The Rabbits is a 1999 picture book that depicts rabbits invading a country and displacing the indigenous marsupial population. An allegory for the British colonization of Australia, the story shows how the rabbits' and marsupials' initial neutrality descends into violent conflict and the erasure of the marsupials' culture. As the rabbit population increases, the rabbits radically alter and pollute the landscape while killing large numbers of marsupials.

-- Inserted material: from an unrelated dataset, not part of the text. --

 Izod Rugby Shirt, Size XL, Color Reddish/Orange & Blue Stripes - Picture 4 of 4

Written by John Marsden and illustrated by Shaun Tan, The Rabbits uses the unassuming format of a picture book to present a sobering allegorical rendering of the colonization of Australia, which started in the 1780s. Narrated from the perspective of the numbat-like marsupials, The Rabbits explores the themes of colonial invasion, grief, environmental degradation, and cultural erasure. Although the implicit setting for the book is Australia, the absence of direct references to history means the book's allegorical exploration of the detrimental effects of colonization on indigenous culture is applicable to colonial contexts around the world.

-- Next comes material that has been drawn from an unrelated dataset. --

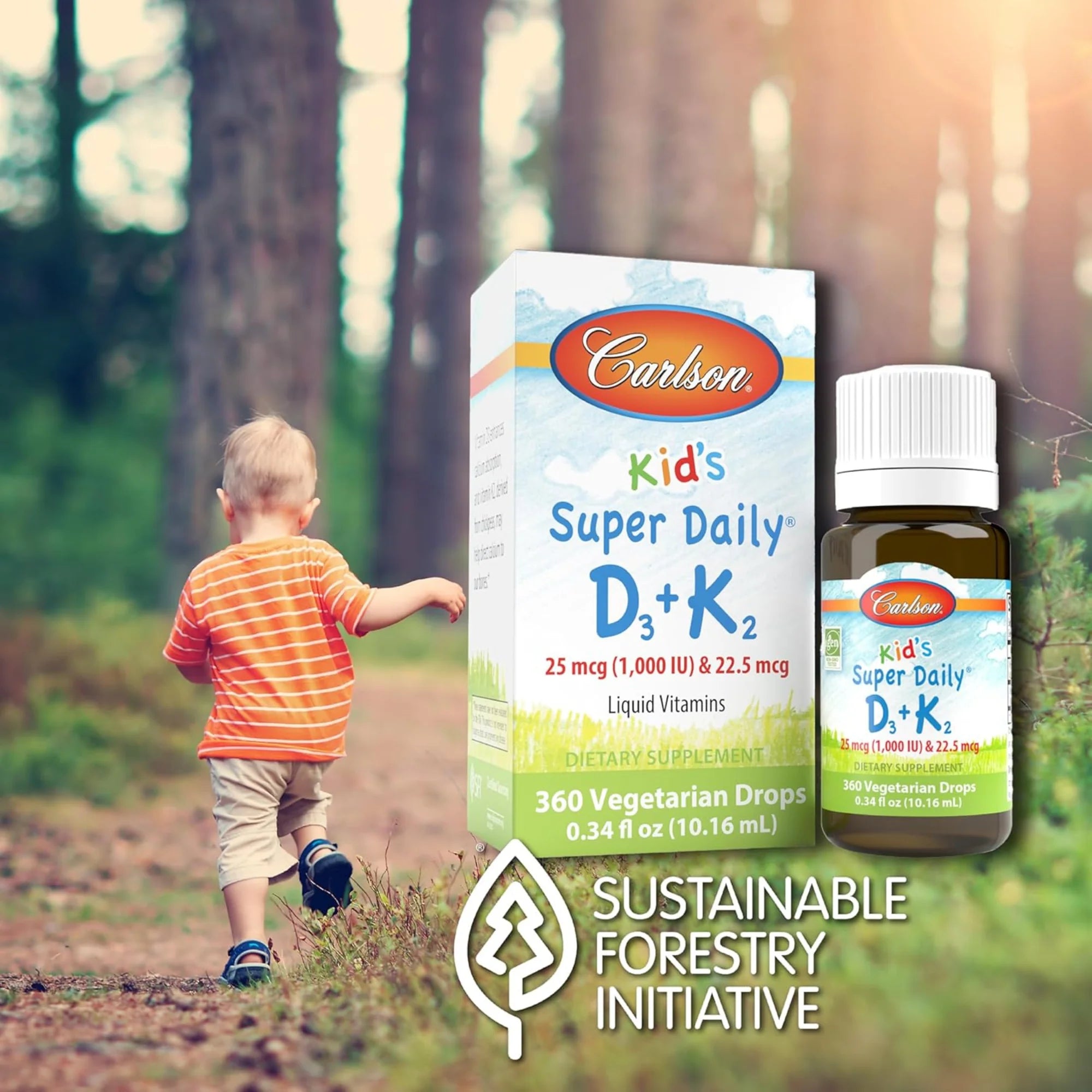 Carlson, Kid's Super Daily D3 + K2, 360 Drops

Named 2000's Picture Book of the Year by the Children's Book Council of Australia, The Rabbits has generated controversy for exploring such serious themes in a book aimed at such young readers. The book has also been called "politically correct propaganda" in right-wing media. But the outrage expressed by a minority of critics didn't stop Opera Australia from commissioning an adaptation of The Rabbits. The adaptation won awards for Best New Australian Work, Best Original Score, Best Presentation for Children, and Best Costume Design at Australia’s version of the Tony Awards—the Helpmann Awards—in 2015.